GL.iNet as Main Router

Your GL-MT6000 connects to the ISP modem directly¶

mt6000-home

You can see your Public IP shows on the IP Address and you have No Need to do port forwarding.

Set up the WireGuard server on GL-MT6000¶

Enable DDNS (Optional)¶

Enable the DDNS function if you do not have a Public Static IP but only have a Public Dynamic IP.

Go to the admin panel >Applications>Dynamic DNS and slide to enable

serverddns

Check the box below and click Apply.

ddnsapply

Then Go to WireGuard VPN server, make sure the Listen Port is 51820 and click “Apply.”

wgserver

Generate a Configuration¶

Click Profiles and Add a Client then it will automatically generate a client configuration. Click the square icon (point 2) and slide to use DDNS Domain. (point 3, Optional if you have dynamic IP only).

wgservergen

Use the WireGuard mobile app scan the QR to test the server.For details please click here.

Output a text format configuration for Client Installation¶

Change the configuration to text format by click Configuration File.

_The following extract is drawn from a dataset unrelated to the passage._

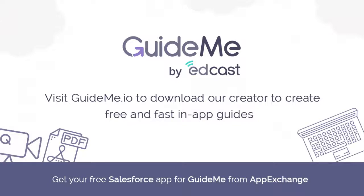Create free and fast how-to videos with GuideMe by EdCast. Visit us at guideme.io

Copy the text for the client or download and save it then drag it to the client later.

configload

Set up the WireGuard Client on GL-MT3000¶

Change the LAN IP¶

Login to the admin panel of GL-MT3000 and go to the Netwrok on the side bar and change the LAN IP.

Change the LAN IP

Add the Configuration¶

Go to the WireGuard Client and click Add Manually.

addwgclient1

Create a name for the connection and drag the configuration downloaded before or click Manually Add Configuration.

addwgclient2

Paste the Configuration Text onto it and then you can connect to the server now.

addwgclient3

Connect GL-MT3000 to your GL-MT6000 Server¶

Click the name you just created, and it will show you the configuration you just loaded then click Start.

wgstart

You will see your client is connecting to the server now with your Home Public IP.

clientup

Go back to the VPN DashBoard of GL-MT6000, you will also see the client is connected.

servercon

Use GoodCloud to manage the routers remotely in case of any problems when you are traveling¶

Sometimes your server may be down due to a power outage or other reasons, in order to maintain the accessibility of your server, please bind it our GoodCloud also.